Uma vez que o contrato de trabalho implica a subordinação e, portanto, a sujeição inevitável da pessoa do trabalhador, poder-se-ia imaginar uma oposição entre o direito do trabalho e os direitos fundamentais do trabalhador. Estes excluiriam a subordinação e, em consequência, aniquilariam o direito do trabalho. Não há, porém, tal oposição irredutível. A aplicação dos direitos fundamentais à relação individual de trabalho pode compatibilizar-se com a subordinação, desde que eles sejam entendidos pelo prisma da limitação dos poderes do empregador. Os direitos fundamentais - como diz Adalberto Perulli - formam a cabeça de capítulo do discurso sobre o controle do poder patronal1. No tocante às relações coletivas de trabalho, os direitos fundamentais exercem função relevante na limitação da liberdade negocial, quando se cogita de flexibilizar os direitos dos trabalhadores mediante negociação coletiva.

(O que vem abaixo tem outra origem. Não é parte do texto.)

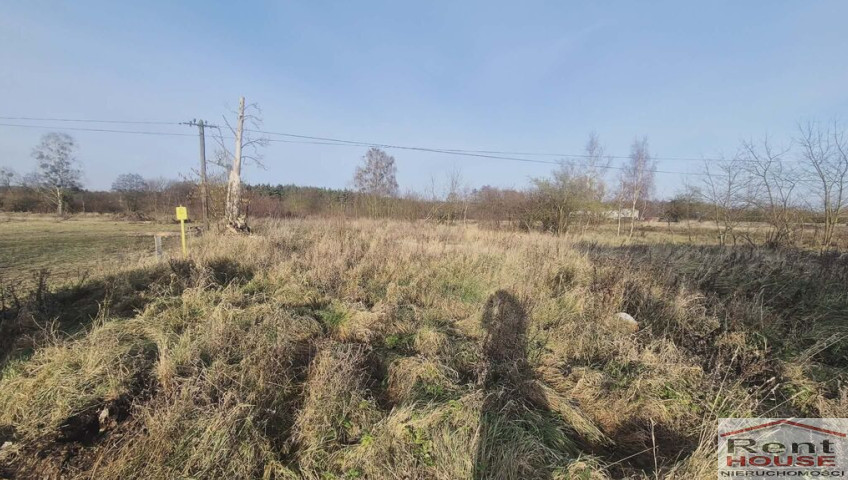 Działka Sprzedaż Tatynia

O reconhecimento do exercício dessa dupla função atribuída aos direitos fundamentais no desenvolvimento das relações de trabalho gera duas consequências irrecusáveis: a superação da ideia do suposto caráter protecionista do direito do trabalho e o afastamento da noção de irrenunciabilidade dos direitos outorgados por lei ao trabalhador.

5. 1 Limitação aos poderes do empregador

A observação atenta dos fatos coetâneos ao surgimento da legislação do trabalho permite afirmar que não era a proteção da classe dos trabalhadores que inspirava a promulgação das leis mais tarde ditas protecionistas.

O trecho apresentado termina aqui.